## Instructions to follow
Only the lines from the one containing "What happens to" to the end of the data should be copied, exactly and without pictures.

## Data provided

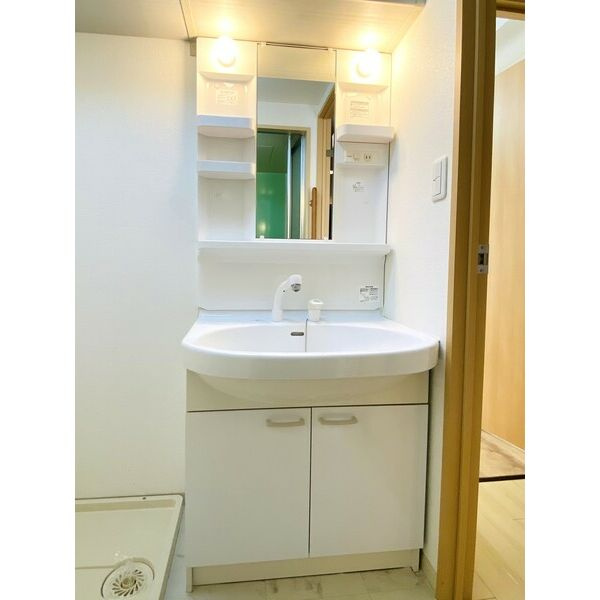 グランドメゾンUNの独立洗面台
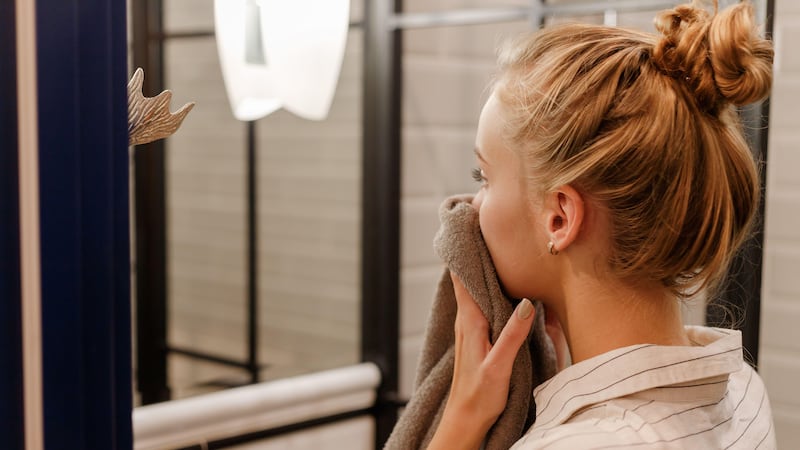 What happens to your skin if you go to sleep without washing off the day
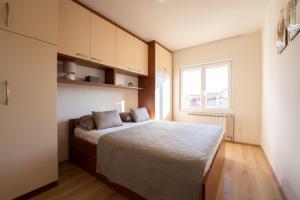 Apartment Adriatic Opal with terrace and private parking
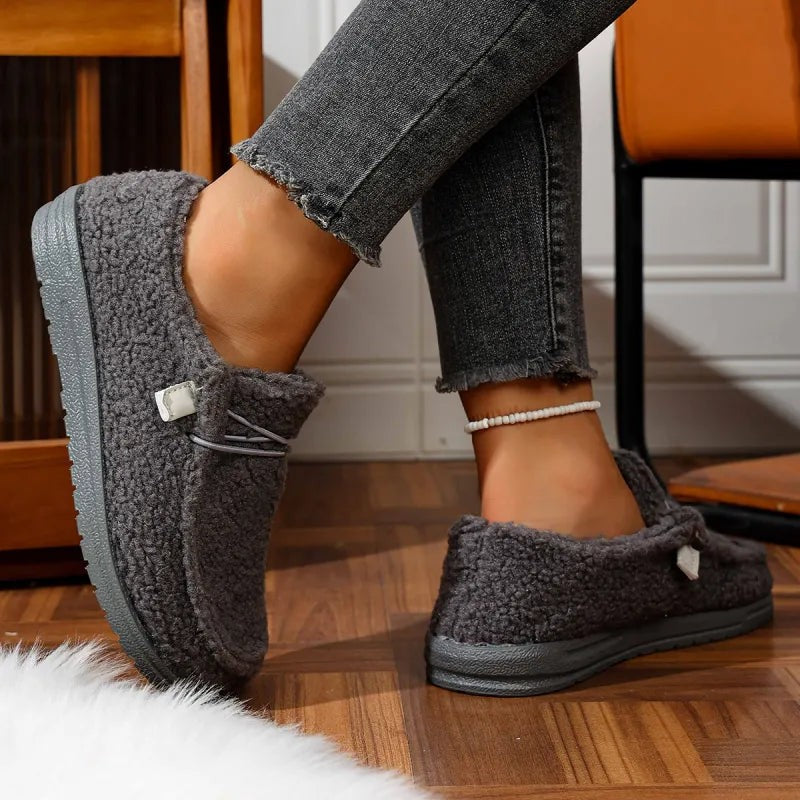 Victor | Pantoufles Femme Teddy Douce Intérieur Extérieur Coupe Ample - Gris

## Solved exercise
 What happens to your skin if you go to sleep without washing off the day
 Apartment Adriatic Opal with terrace and private parking
 Victor | Pantoufles Femme Teddy Douce Intérieur Extérieur Coupe Ample - Gris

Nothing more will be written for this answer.